Submitted to: Journal of Immunology
Publication Type: Peer reviewed journal
Publication Acceptance Date: 6/1/2004
Publication Date: 8/15/2004
Citation: Endsley, J.J., Furrer, J.L., Endsley, M.A., Mcintosh, M.A., Maue, A., Waters, W.R., Lee, D.R., Estes, M. 2004. Characterization of bovine homologue of granulysin and nk-lysin with broad spectrum antimicrobial activity. Journal of Immunology. 173(4):2607-14. Interpretive Summary: Despite highly successful eradication efforts in several countries, tuberculosis of cattle remains a serious health concern worldwide. In addition, recent outbreaks of tuberculosis in Michigan, California, Texas, and New Mexico demonstrate that the disease is far from eliminated from the United States. Improved techniques are needed for detection of infected cattle. To develop improved tests, it is beneficial to first understand the immune response to infection. In this study, a new method to evaluate a specific subset of the host response generated by cattle to infectious agents was developed. This method was then used to characterize the response by cattle to tuberculosis infection. Knowledge obtained from this study will assist in the development of new reagents and methods for the detection of tuberculosis of cattle.

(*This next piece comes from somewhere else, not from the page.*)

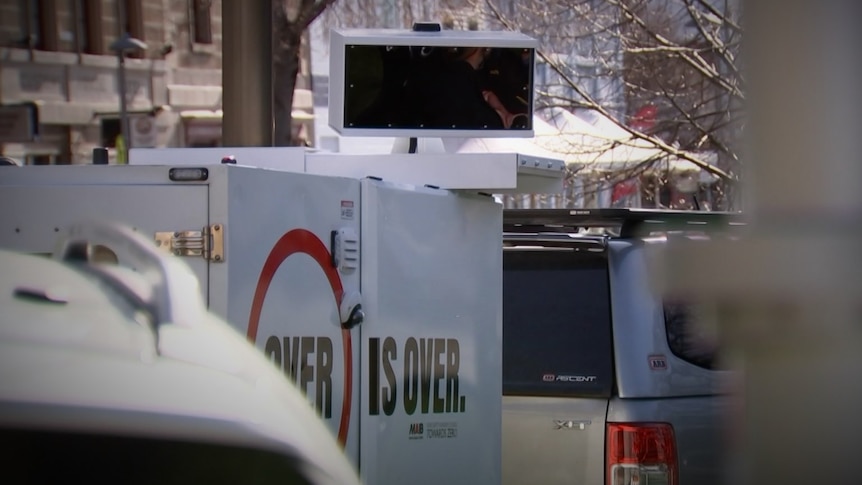 Obscured view of a mobile speed camera trailer.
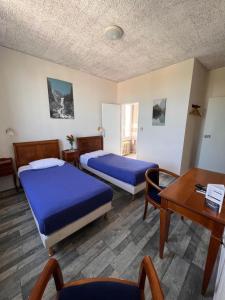 a room with two beds and a desk and a table at Hotel de Champagne in Saint-Dizier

Technical Abstract: Granulysin and NK-lysin are cationic proteins found in granules of human and swine cytotoxic lymphocytes cabaple of disrupting microbial membrane integrity. A murine counterpart to granulysin has not been identified to date, indicating the importance of additional models to fully characterize the role of granulysin-like molecules in the immune response to infectious disease. Two partial nucleotide sequences corresponding to the complete functional domain of granulysin and NK-lysin were amplified from bovine peripheral blood mononuclear cell (PBMC) mRNA. Nucleotide identity is significant to granulysin and NK-lysin and predicted amino acid sequence indicates structural and lytic motifs in the core region of the granulysin-like molecules are likely conserved among species. Following stimulation with phorbol ester and calcium ionophore, expression of the bovine gene was detected in CD3+ T cells, CD4+ T cells, CD8+T cells, WC1+ gd T cells, and PBMC depleted of CD3+ T cells, but was absent in CD21+ cells and CD14+ cells. Synthetic human, bovine, and swine peptides corresponding to the carboxy terminus of helix 2 through helix 3 region of granulysin displayed potent antimicrobial activity against Escherichia coli, Salmonella enteritidis, Staphylococcus aureus, and Mycobacterium bovis BCG. Human and bovine peptides corresponding to helix 2 displayed antimycobacterial activity against Mycobacterium bovis BCG only, while the corresponding swine peptide was not active. Expression of the bovine gene was detected in laser microscopy dissected lymph node lesions from Mycobacterium bovis infected animals. The identification of a biologically active bovine homologue to granulysin demonstrates the application of the bovine model in characterizing the role of granulysin in the immune response to a variety of infectious agents.